In its submission to the Australian government’s draft CCS method for the nation’s Emissions Reduction Fund (ERF), the Australian Petroleum Production & Exploration Association (APPEA) said the technology had the potential to “deliver a step-change” to Australia’s emissions reductions.
“This is a chance Australia shouldn’t miss. CCS can help Australia to not only meet, but beat our emissions-reduction targets,” APPEA chief executive Andrew McConville said.
“Australia has a natural competitive advantage to implement CCS with known high quality, stable geological storage basins, existing infrastructure, world-class technical expertise and regulatory regimes (environment protection, carbon accounting and reporting, financial services).”
What is the ERF?
The ERF is a voluntary government scheme that aims to provide incentives for the adoption of new practices and technologies to reduce emissions.

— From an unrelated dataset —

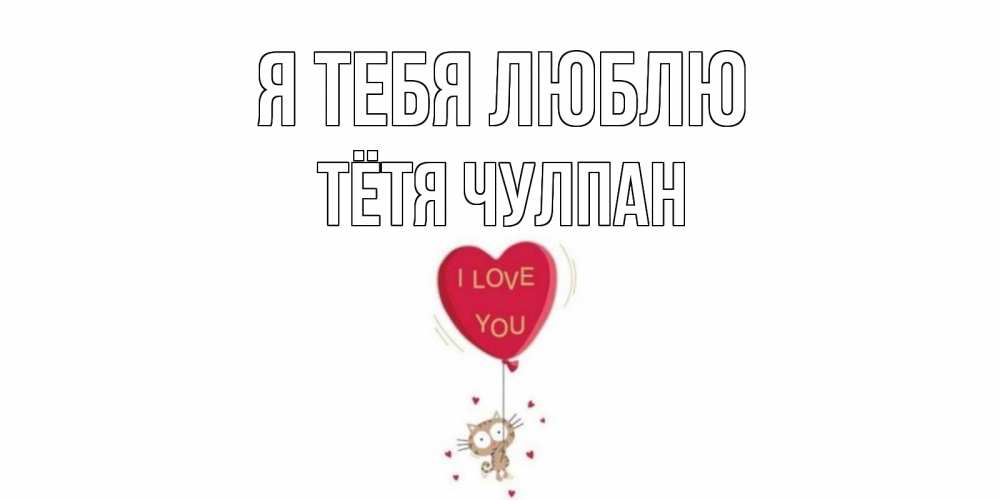 Открытка на каждый день с именем, Тётя-Чулпан Я тебя люблю кот, сердце Прикольная открытка с пожеланием онлайн скачать бесплатно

CCS is one of five priority methods being developed in 2021 under the ERF, with the other methods including blue carbon, soil carbon, biomethane or green gas, and plantation forestry.
Public consultation opened last month on the government’s draft method for CCS projects to participate in the ERF and generate Australian carbon credit units (ACCUs).
Each ACCU will represent one tonne of carbon dioxide equivalent emissions stored or avoided and can be sold to the Australian government, companies, state governments or other private buyers.
In order for a CCS project to qualify for ACCUs under the draft method, all relevant infrastructure within the project, including capture facilities, pipelines and the storage site or sites, must be located in Australia.
The draft also notes that while most emissions-avoidance methods allow for a crediting period of seven years, CCS projects will be allowed a crediting period of 25 years to recognise the very large upfront and ongoing costs of the projects, and because they are not expected to generate any revenue other than ACCUs.
Scheme will help stimulate CCS Down Under
Santos chief executive Kevin Gallagher stated earlier this year the ability for CCS projects to generate ACCUs was essential for his company to proceed with its proposed US$155 million Moomba CCS development in South Australia.
McConville claimed in his statement on Wednesday the ability for CCS projects to generate ACCUs would encourage more projects, create jobs and reduce emissions.
“With scale and experience, the cost of CCS will decrease, creating the potential to deliver competitive, large-scale abatement for existing industries and new industries such as hydrogen and ammonia,” he said.
“Australia needs low-cost carbon abatement to maintain its position as a leading energy exporter and ensure international competitiveness in a cleaner energy future.”
McConville also noted that 19 CCS projects are currently in operation around the world, along with another four under construction.
These 23 projects, combined, will have the capacity to capture and permanently store roughly 40 million tonnes per annum of CO2, according to McConville.